Yeah, that sapience is gone completely. In this universe, language is limited only to humans, cats, and some distant animals that are far outside the range of Albion (elephants, bottlenoses, some parrots, etc)
And Hollyleaf's story especially. Ngl to you, I don't like that fox idea. Or anything about Hollyleaf's Story. I think it was the worst possible route to take.
"Hollyleaf will be a mother to this evil creature to learn what it's like to love something that hates you. It is so sad to be your mom Leafpool (Squirrel-who?). Don't you feel like a shitty daughter now, Holly? Let's not ask any questions about the code btw, or how you were already filled with crushing shame from it. Or how it made you so disgusted about the idea of pregnant nuns that you flipped your shit and ruined the lives of your entire family. No, what really mattered about this situation was maternal empathy. Also here take the nearest male character we can find to ship you with, we accidentally made Cinderheart too gay when she was upset about your death lmao"

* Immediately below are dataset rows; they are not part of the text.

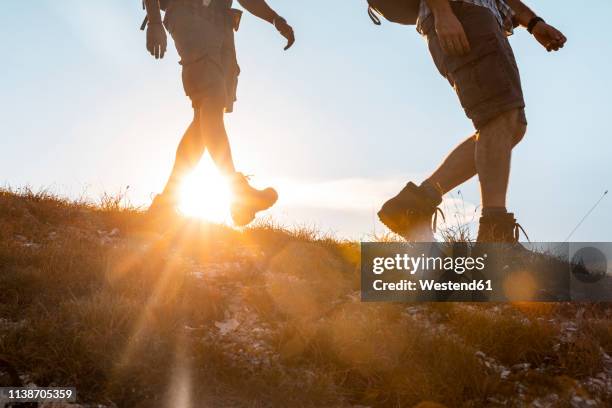 italy, monte nerone, close-up of two men hiking in mountains at sunset - downhill skiing stock pictures, royalty-free photos & images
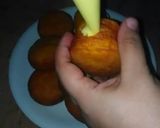 A picture of step 8 of Donuts bun with mango curd filling.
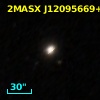 2MASX J12095669+4705461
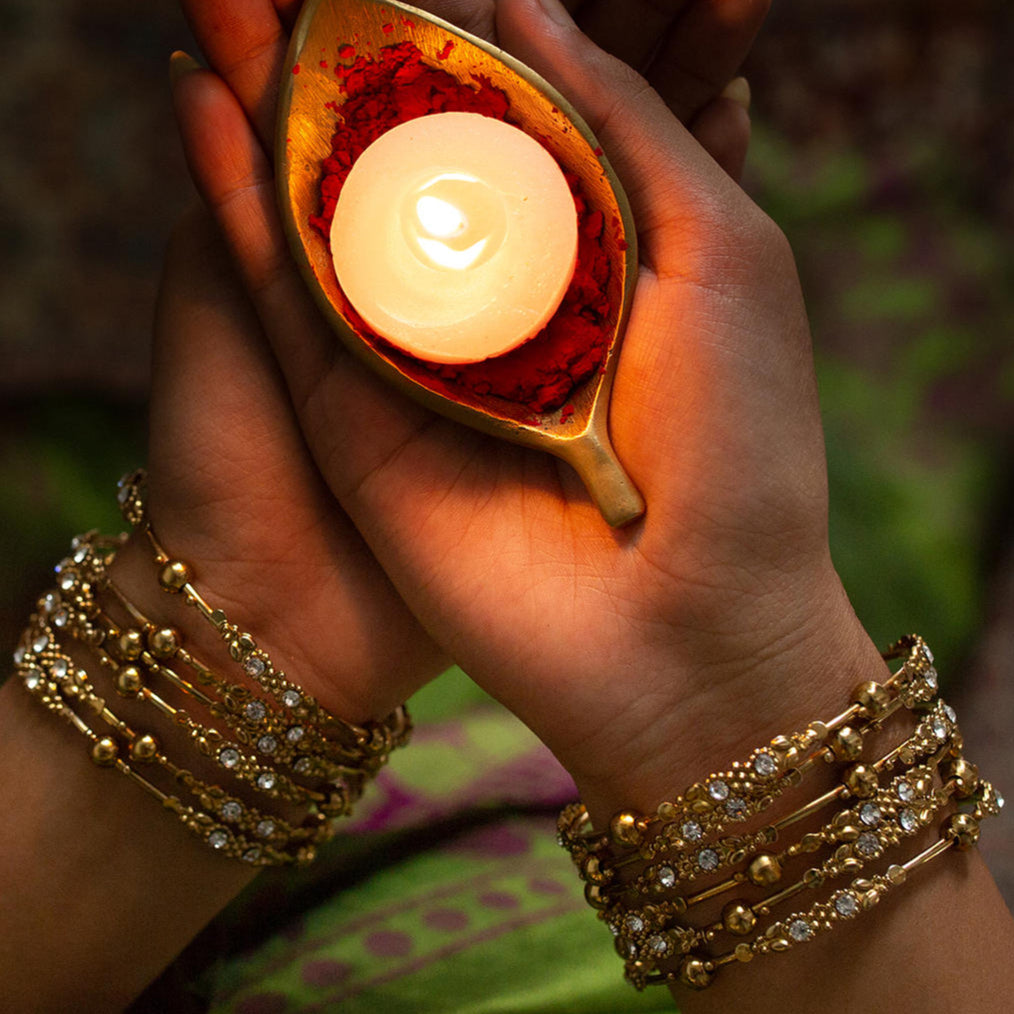 Set of 12 gold-plated metal bangles with sparkling stones and beads. Perfect ethnic jewellery for weddings, parties & traditional celebrations.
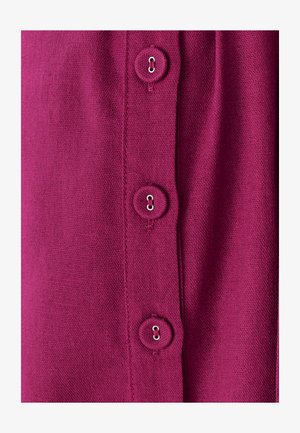 Fuksiaroosa kangas, millel on nelja ümmarguse nupu rida, igal nupul on metallist silmus. Tekstuur on sile ja see näeb välja nagu kudumine.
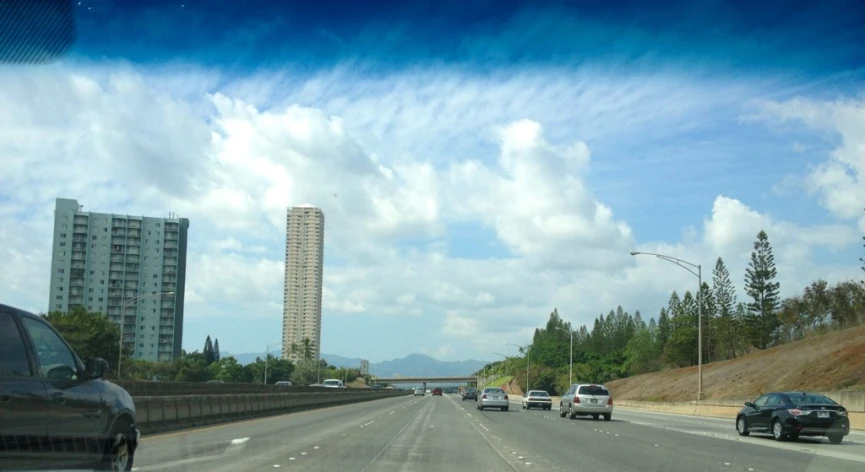 cars are riding down a freeway in the day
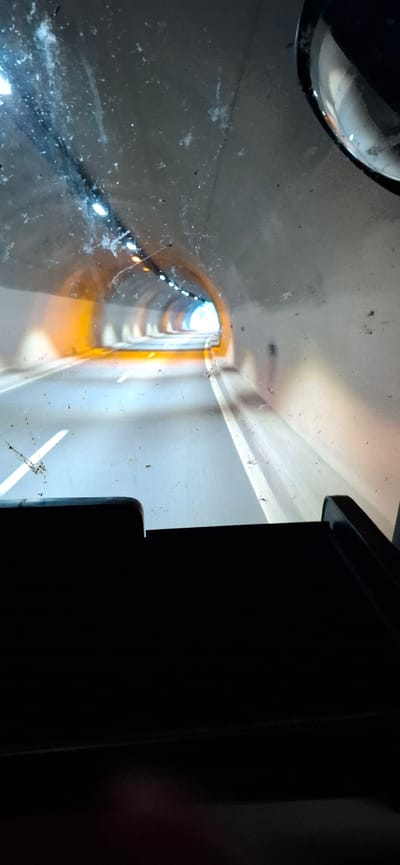 The image is a view from inside a vehicle traveling through a brightly lit tunnel. The tunnel walls are curved and concrete, with rows of lights visible along the ceiling, illuminating the roadway ahead. The road surface is smooth and gray, with white lane markings. The interior of the vehicle, including part of the dashboard and a side mirror, is visible in the foreground, along with a dirty windshield. The overall impression is of movement through a man-made structure. The location in the city of Blatino, Bulgaria is not discernible from the image.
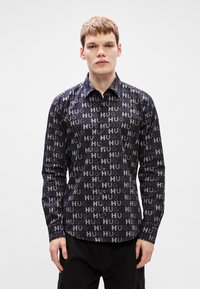 Μακρυμάνικη μπλούζα από μαύρο ύφασμα με επαναλαμβανόμενο μοτίβο γραφικών «HUG» σε διάφορες αποχρώσεις του γκρι και του ροζ, με κλασικό γιακά και κουμπί.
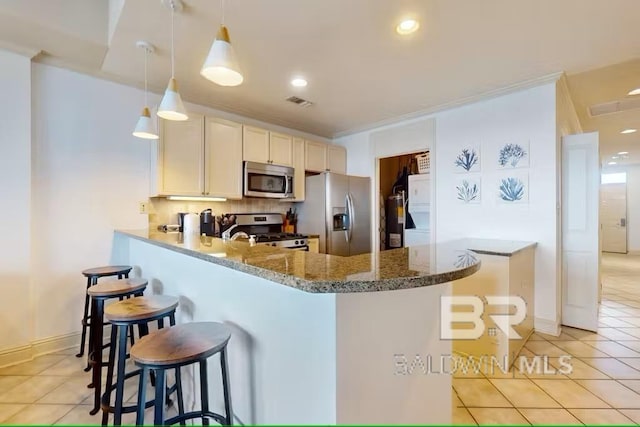 kitchen with a breakfast bar, light tile patterned floors, stainless steel appliances, decorative backsplash, and a peninsula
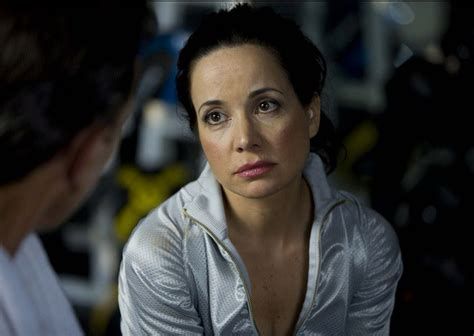 A photo of Janeane Garofalo staring at someone like they are an idiot.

But, digressing, putting my distaste of that novella aside,
WC is profoundly xenophobic already with just the cats, and I think it was a CATASTROPHIC mistake to make it so every animal is secretly intelligent but speaks animal language. Now every conflict between cats and their predators is an ethnic dispute! You're chasing out groups of people perfectly capable of reasoning if you bridged the language barrier, but they're also ACTUAL PREDATORS.
AT BEST; It's the same uncomfortable situations that Zootopia and Lion King ends up tripping over. In Zootopia, predators are used as an allegory for oppressed groups... but predators are MADE to eat prey. A rabbit is RIGHT to be terrified of a fox, twice its size with a jaw made for catching bunnies. In Lion King, lions have divine authority to rule over their dinner/subjects, and chase out any animal based on their personal ideology... which just so happens to only be leveraged against rival predator species.
(Nerd preemption: yes i know about lion guard. I do not think diverse Lion Cops were the solution you think it is.)
Carelessly adding sapience to "natural systems" often ends up accidentally justifying bigotry. Bigotry doesn't MAKE SENSE, it's bullshit we made up and perpetuate through culture, but food webs are completely logical. The rabbit fears the fox because the fox eats rabbits. The lion hates the hyena because they compete for the same food. Gazelles don't happily submit to an overlord who is divinely capable of deciding who should live and who should die, it's just nature.
But it gets even worse-- because it's actually WORST CASE; the Erins saw that complicated moral problem and went, "don't worry! They're actually born evil! Foxes just talk about food and killing things :)"
like... my brother in cats, YOU gave them language in the first place! What was the fucking point if they were just going to be evil barbarians anyway?!? For ONE scene where Midnight could show off her Duolingo streak???
So to summarize,
It was an awful idea to start with
It was executed in the worst possible way
In a series that is already plagued with xenophobic sentiment, this somehow made it even worse and more direct
If it was completely nuked it from the story, the series would be immediately better with minimal change. Holly caring for what is essentially the clan cat-equivalent of an exotic animal like a chimp or a tiger cub would have done the same thing
There is not even a glimmer of an idea here that justifies the poison that full sapience does to the wider implications of the series.
Don't even get me started on the Badger Debaucle in TNP, which is actually in my top 5 for most vile things in WC
So if I don't explicitly say that a species in BB is capable of true language, assume it is non-sapient. Talking animals like Midnight and Rat Leader are magical individuals-- gods, curses, etc.